Defence Minister Peter Dutton is making a bad situation worse, Michael Pascoe writes.

Defence Minister Peter Dutton is making a bad situation worse, Michael Pascoe writes. Photo: Getty/TND

Australia’s biggest security failure since Chinese hackers stole the plans for ASIO’s headquarters is playing out in plain sight without a murmur of complaint or discipline.

No, not the Solomon Islands agreement with China. That primarily is a diplomatic failure and there is no end of blame shifting there, making a bad situation worse in the process, courtesy of Scott Morrison and Peter Dutton.

Rather it is multiple “not authorised to speak publicly” spooks reportedly leaking like sieves about who knew what, when and, most dangerously, claiming credit for getting a named Solomon Islands citizen into publishing the draft online.

In my opinion, the anonymous spooks pushing their side of the Solomon Islands story in the Sydney Morning Herald and The Age have endangered Celsus Talifilu by implying he is their agent or is willing to act at their behest.

Alternatively, it may be implied that Mr Talifilu’s boss, Malaita Province Premier Daniel Suidani, does the bidding of Australian security officials.

Consider for half a second the position Senator X would be in if the SMH published a story that China’s security chiefs pushed the Senator to prematurely reveal details of the AUKUS agreement. Not nice.

That’s an entirely hypothetical case – China’s spooks presumably wouldn’t be so stupid as to casually burn assets in a highly contested situation.

bernard collaery

Bernard Collaery is being persecuted in secret proceedings by the Morrison government.

We are somewhere way through the looking glass and down the rabbit hole when, on one hand, the Morrison government is persecuting Bernard Collaery in secret proceedings over the Howard government’s illegal bugging of East Timor’s cabinet for the commercial benefit of Woodside, while on the other it apparently is happy for supposedly “unauthorised” senior spooks to go rogue with their reliable mates in the press.

That, of course, depends on whether the Nine newspapers’ sources actually are “unauthorised” or are indeed authorised to do what spooks do as part of their job – lie, obfuscate and protect themselves and their favoured theoretical bosses.

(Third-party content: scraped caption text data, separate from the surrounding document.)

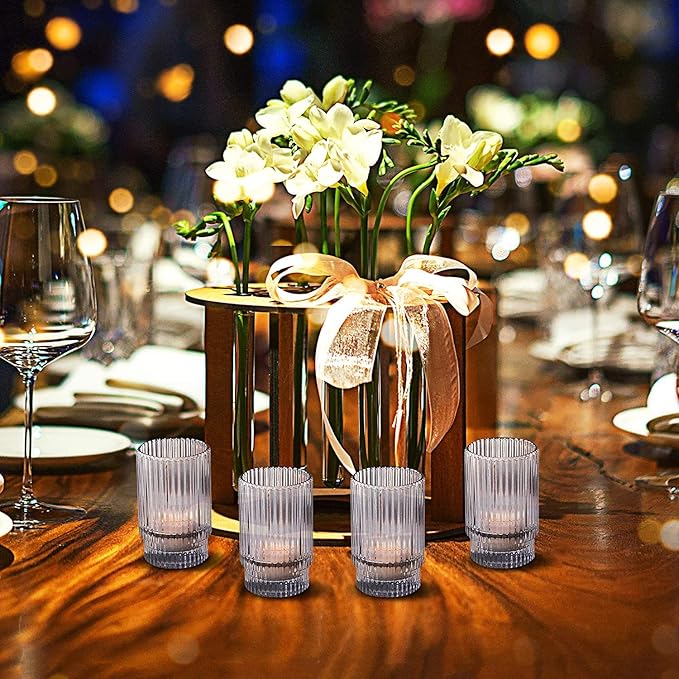 Serene Spaces Living 3.75in Smoke Ribbed Glass Votive Holder, Decorative Centerpiece for Wedding, Christmas, Thanksgiving, Dining Table, Home Décor, 2.25" Diameter & 3.75" Tall, Pack of 32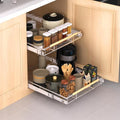 Expandable Pull Out Drawer Cabinet Organizer, Adjustable Width Bottom-Mounted Slide Out Storage Shelves for Cabinets, Required Cabinet Size (W: 10.16"~16.36", D≥22.5"), 1 Pack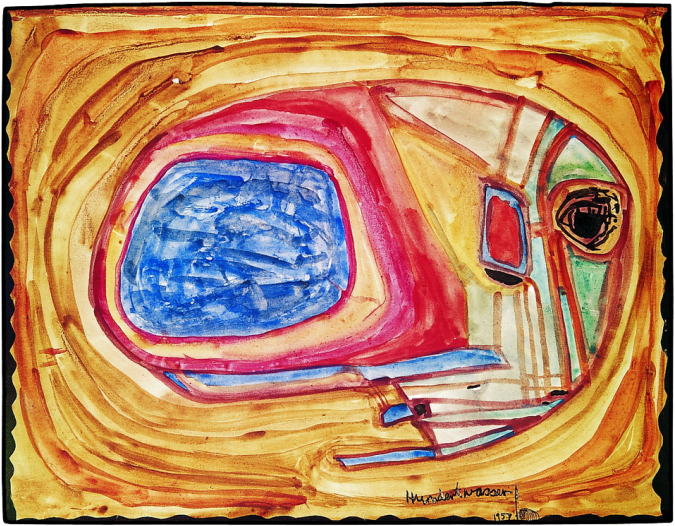 Watercolour In A Guest Book On Light Yellowish-brown - Painting (760x600), Png Download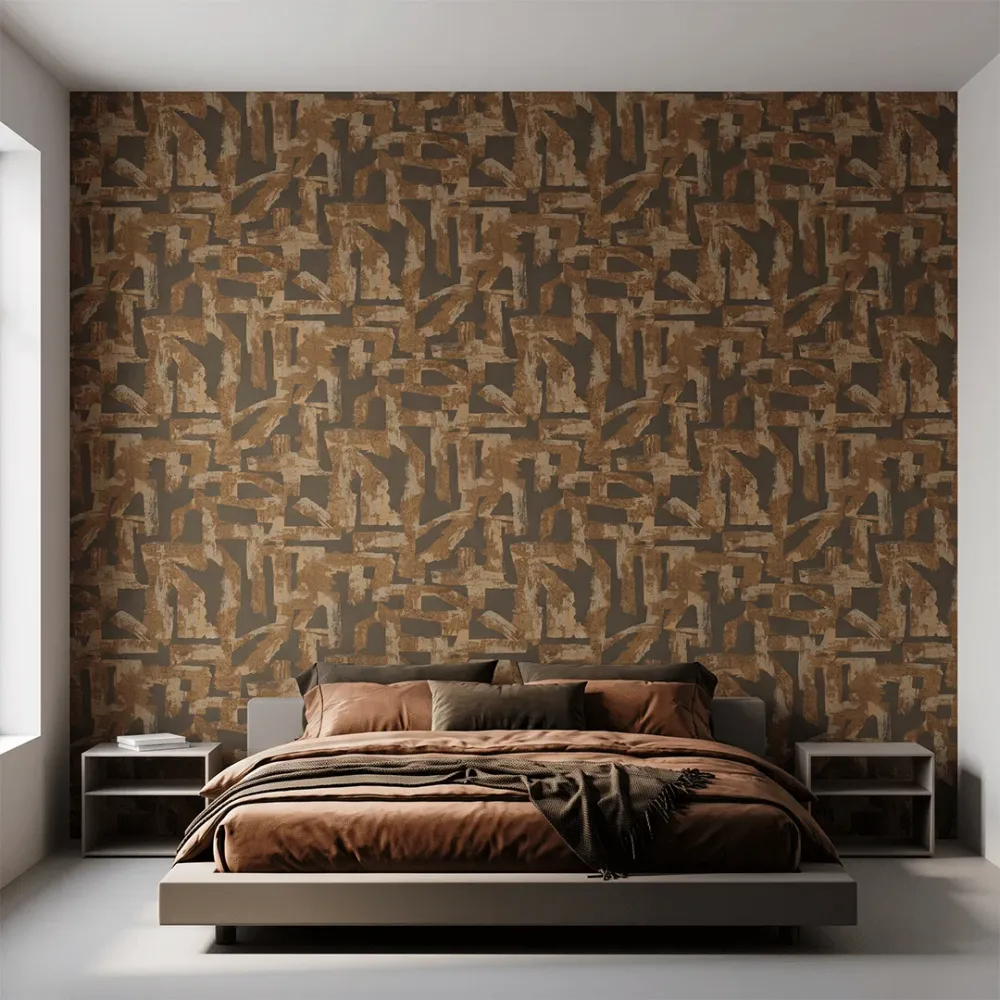 Abstract Brown & Gold Geometric Textured Wallpaper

The way this game has played out, Foreign Affairs Minister Marise Payne has been hung out to dry “knowing nothing”, while the yarn volunteered by the spooks has provided a little cover for Scott Morrison’s prevarication.

There are another couple of possibilities in this highly dubious episode.

We’ve already had past and present head spooks publicly reprimanding the government for playing domestic partisan politics over the bipartisan security issue.

It is as possible as the leaks being “unauthorised” that the top spooks are a little over the Morrison government’s diplomatic, defence and security bungling, have been stung by the criticism of their own performance and are taking a bet that they won’t have to worry about Mr Morrison et al post May 21.

Criticism such as Bernard Keane’s roasting of the intelligence community in Crikey would have stung as they prepare for a new government.

The security industry has done very well out of a government keen to rattle sabres and scare kiddies, but the game does move on.

So if the spooks genuinely felt they had done their job well enough and had not been asleep under a palm tree, a little arse-covering could be expected. Phone one of the regular channels.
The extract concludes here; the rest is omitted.